The city is in the toilet, so broke it can't mow the parks. So broke it can't fix the streets. So broke it can't keep the rec centers open. On and on.

So tomorrow they're going to vote to spend $3.5 million more in taxpayer money -- the city's share of a $10 million fee -- to get Spanish architect Santiago Calatrava to redesign his make-believe suspension bridge over the Trinity River so we can have a design that will cost almost $300 million more than the city can afford anyway.

No, not that one. That bridge, the one you see already going up when you drive downtown, the thing that looks like half a huge McDonald's arch made out of PVC pipe, that's the first one, already under construction. The city council thinks we need more fake suspension bridges. Why more? I do not know. So the first one won't be lonely, maybe.

Why does the Spanish architect need another $10 million to redesign the second pretend-suspension bridge? Wait, wait, wait. Better question. What is a pretend-suspension bridge? OK, we have to get across the river, right? We have highways, streets, rail lines, and they all have to get across the river. So we need bridges. In this case we are talking about the Interstate 30 freeway bridge from downtown to Oak Cliff. The state of Texas wants to spend $170 million to build a new bridge for I-30 because the old one, engineers claim, is falling apart.

But the new bridge the state wants to build is what the city council calls a "plain vanilla" freeway bridge. What is a plain vanilla freeway bridge? Oh, man. Just go along with this, OK? Maybe you'll get it. A plain vanilla freeway bridge is a bridge like all those other cities have. Just a...you know, a freeway bridge. We want something special.

Our city council wants a fake suspension bridge, instead, which was going to cost $500 million. The city said it could cover its share of the extra cost with $92 million that it got from the Congress. But then the state said the $92 million was their money, not the city's, so now the city has zip.

And a fake suspension bridge is going to cost half a billion dollars instead of $170 million for the vanilla kind? No, that's why we have to spend $10 million more. To make it cost less. City Manager Mary Suhm said a week ago she could get it down to where it would cost only $350 million to $450 million. You know, give or take a hundred mil'. But we have to pay the Spanish architect $10 million to figure out how to get the cost down.

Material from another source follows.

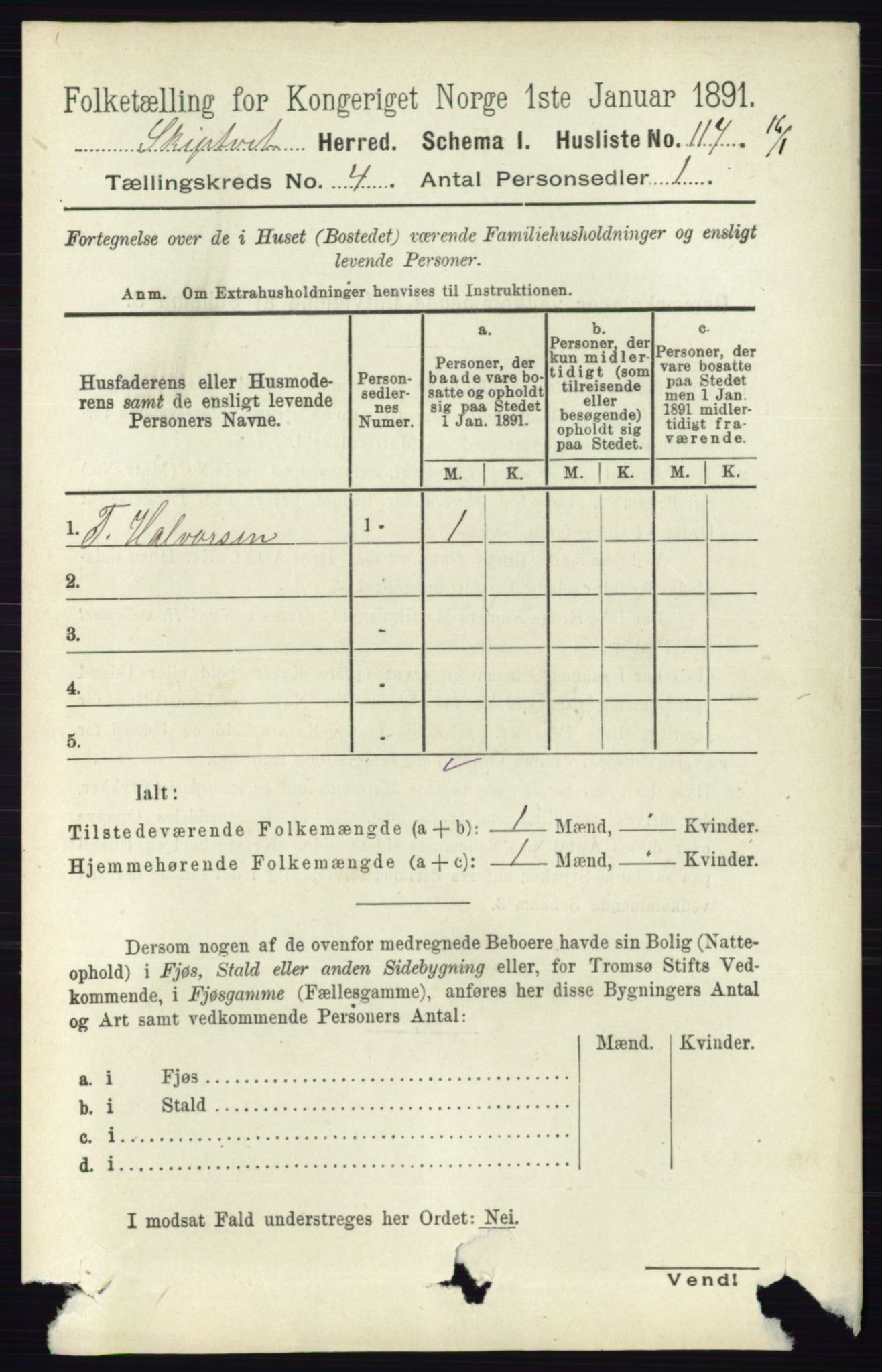 RA, 1891 census for 0127 Skiptvet, 1891, p. 1961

Oh, now, wait. We were going to answer the question: What is a fake suspension bridge?

OK, a fake suspension bridge is a tall bridge held up by cables that looks like a bridge over the San Francisco Bay or a bridge to Mackinac Island or a bridge somewhere in Europe. But this one is over the Trinity River, from one flat place to another, where you don't need a suspension bridge. So it's sort of, you know, make-believe. Just for looks.

Why do we want that? We just do. Shut up! We just want it. We want it!

But we already have one. So what? We want two! In fact, truth be told, we want three! Then we'll have the most fake suspension bridges of anywhere in the world. We'll rule, man!

So if we give the Spanish architect $10 million, and he can only get the fake suspension bridge down to a cost of $450 million, and the state intends to pay no more than $170 million, and the rest of the cost falls to the city, then the city will be short $280 million. And we will have spent $10 million, a third of it in tax money, to get there.

And you know what? I'll make you a prediction right here. This is exactly what the city council will vote to do tomorrow.

So my idea again? Before they vote on anything to do with money, we have a team from the Police Department come into the council chambers and give them all Breathalyzers. Or we could do it other ways. We could set it up so they have to blow in a tube before they can get their vote button to work.

I just don't have another explanation. I really do not.